Many Guam residents were without power or utilities Thursday after Typhoon Mawar ripped through the remote US Pacific territory the night before, ripping roofs off homes, flipping vehicles and ripping trees apart.
Minor injuries but no deaths were reported, according to the governor’s office. Guam’s Office of Homeland Security Civil Defense announced Thursday night that Governor Lou Leon Guerrero returned the island to its typical typhoon-ready condition. Inspection and work teams were assessing damage to military installations, which are limited to essential personnel only, according to the Mariana Joint Region.
The central and northern parts of the island received more than 2 feet (60 centimeters) of rain as the eyewall passed. The island’s international airport was flooded and the swirling typhoon triggered a storm surge and waves that crashed against coastal reefs and inundated homes.
“We are waking up to a rather disturbing scene across Guam. We’re looking out our door and what used to be a jungle looks like toothpicks, looks like a scene from the movie ‘Twister,’ with trees blown away,” said Landon Aydlett, a meteorologist with the National Weather Service.
“Most of Guam is dealing with a huge mess that will take weeks to clean up,” he added.
The strongest typhoon to hit the territory of some 150,000 people since 2002, Mawar made a brief landfall around 9 p.m. Wednesday as a Category 4 storm at Andersen Air Force Base on the northern tip of the island, officials said. from the weather service.

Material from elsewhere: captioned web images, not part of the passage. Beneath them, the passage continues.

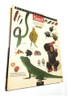 Diccionario Visual Clarin Tomo 2 Aves Mamiferos Reptiles 2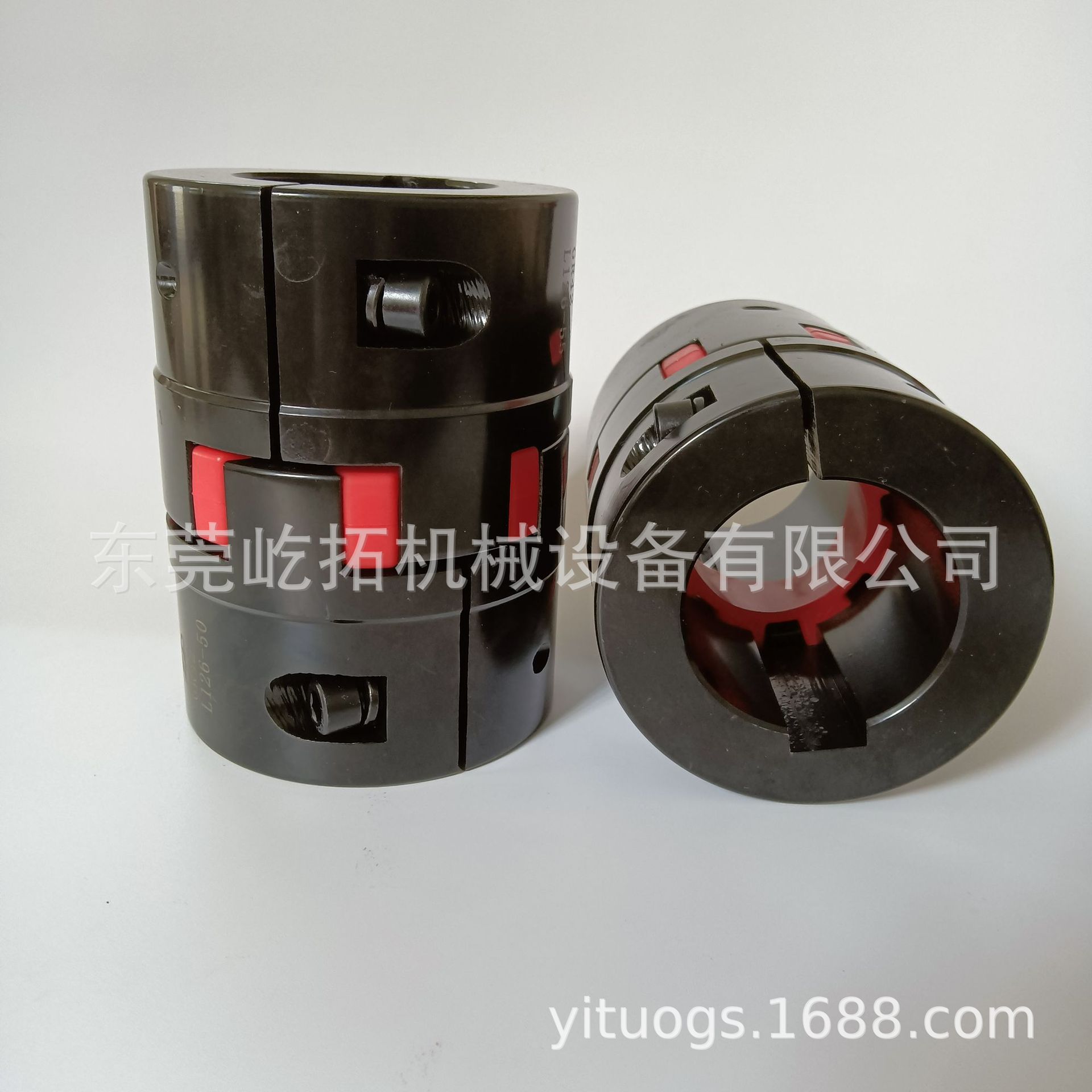  հݸʽѹΦ42*Φ45 GR38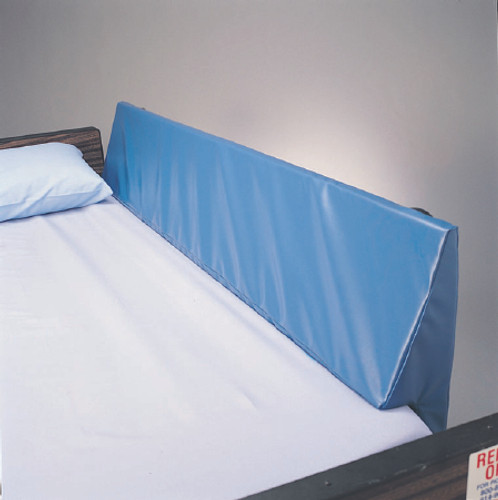 Bed Mattress PressureGuard Alternating Pressure 80 X 42 X 7 Inch 72235 Each/1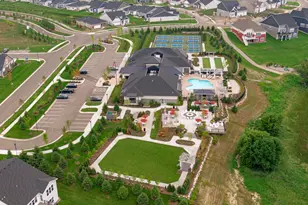 19532 102nd Pl, Corcoran, MN 55374 - Photo 16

The extent of the damage was difficult to determine early on, as power and internet failures made communication on the remote island difficult. León Guerrero said in a video message Thursday morning that roads were passable, but residents should avoid driving and stay indoors due to high winds.
“We have weathered the storm,” said León Guerrero, adding that “the worst is over.”
The Guam Power Authority said crews were working to restore power to critical and priority facilities, such as a hospital, water wells and wastewater facilities. The Guam Water Works Authority was working to restore water service and had issued a notice advising customers to boil their water.
AB Won Pat Guam International Airport (GIAA) completed damage inspections with recovery efforts underway.
In coordination with the FAA’s Agana Air Traffic Control Tower, the airport has decided that it will accommodate humanitarian and cargo flights to Guam at this time.
As the typhoon inched over the island, it sent solar panels flying and collapsed part of the outer wall of a hotel, according to videos posted on social media. At what seemed their greatest intensity, the winds screeched and howled like jets, and water inundated some houses.
Leah del Mundo spent the night with her family in their concrete home in Chalan Pago, in central Guam. She told The Associated Press that they tried to sleep but were awakened “by the violent movement of the blinds from the typhoon and strong whistling winds.”
“Not our first rodeo,” he said via text message. “We have been through worse. But we prepare for cleanup, repairs and restoration afterwards.”
The winds tore off the roof of Enrique Baza’s mother’s house in Yona, allowing the water to damage the entire interior.
“My mom’s house didn’t escape,” he said, adding that his mother stayed with him in their concrete house during the storm.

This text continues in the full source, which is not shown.